Итак, и по мнению К.П. Победоносцева, на практике главное значение имеет давность исковая. Однако, по его мнению, давность владения хотя не есть способ приобретения собственности, но есть способ доказательства о существовании права собственности, т.е. он все-таки полагает, что давность владения имеет в нашей практике самостоятельное значение, независимо от давности исковой.
Выше мы изложили существенные принадлежности давности владения в смысле usucapio. Мы видели, что учреждение всюду введено положительным законодательством в ограждение права собственности.
В основании этого учреждения лежит мысль о необходимости для гражданского общества и государства твердого и непоколебимого начала собственности, которое есть одно из важнейших основ гражданского строя.
Оно столь важно, что закон признает необходимость всестороннего его ограждения, где бы это начало гражданственности ни проявлялось, хотя бы в отдельном случае возникновение его и не соответствовало всем требованиям строгого закона.
Вследствие этого закон постановляет, что если действительно кто-либо имеет вещь в своей власти, его господство имеет основание, хотя неспособное само по себе служить основанием приобретения собственности, но, по крайней мере, не противоречащее закону, и владелец убежден, что не совершает несправедливости, удерживая вещь в своей власти и распоряжаясь ею по своей воле, и все это происходит в течение известного срока времени, то, вследствие всех этих обстоятельств, с исходом этого срока право собственности считается приобретенным давностью владения.
Закон здесь главным образом охраняет существующее, действительное право, которому недостает формального укрепления, которого приобретение неполно, несовершенно.

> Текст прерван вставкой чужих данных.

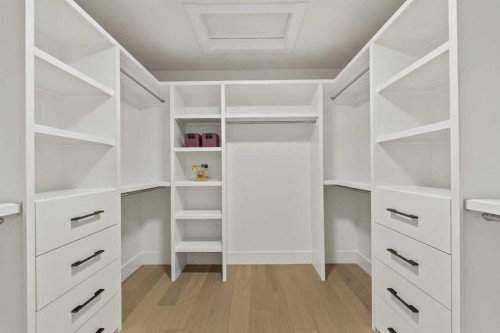 2131 32 Avenue Sw, Calgary, AB - Indoor With Storage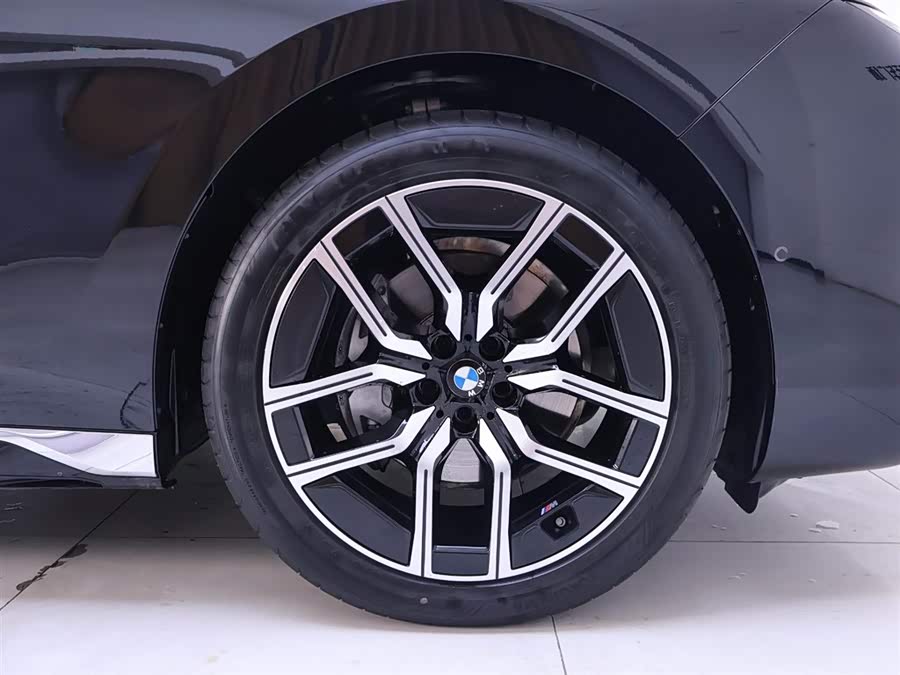 BMW 7 Series 2023 #7 BMW 7 Series 2023 car image #7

Но, кроме того, таким постановлением узаконяется фактическое положение, возникшее из полезной и непротивозаконной деятельности гражданина.
Повторяем: право собственности так важно для государства, что закон охраняет его и там, где ему недостает формального укрепления, но где в большей части случаев возникновения его почему-либо не может быть доказано; но, вместе с тем, такой охраной может пользоваться и тот, кто не приобрел собственности, но, распоряжаясь имуществом как своим, не совершал ничего противозаконного.
Из всех условий, необходимых для того, чтобы можно было признать давность владения (usucapio) действительно существующим началом, в Своде Законов установлено одно лишь владение в виде собственности, т.е. полное, положительное господство лица над вещью в течение известного срока времени.
Не говорится ни о непротивозаконном основании, ни о добросовестности; наконец – что самое важное – не говорится о том, что давностью владения приобретается формальное право собственности.
Поэтому мы должны сказать, что по своду 1857 года в нашем праве давности владения usucapio не является в виде правильно развитого учреждения, но в виде зачатков такого учреждения, так что самые важные условия еще должны быть внесены в наше законодательство с чужой почвы.
[1] Русское гражданское право. СПб., 1862, II, стр. 88 и сл.
[2] СПб., I, 1864; II, 1865.
[3] Курс русского гражданского права. СПб., 1868, 1, стр. 133 и сл., стр. 181.
[4] О последнем положении многоуважаемого автора см. ниже.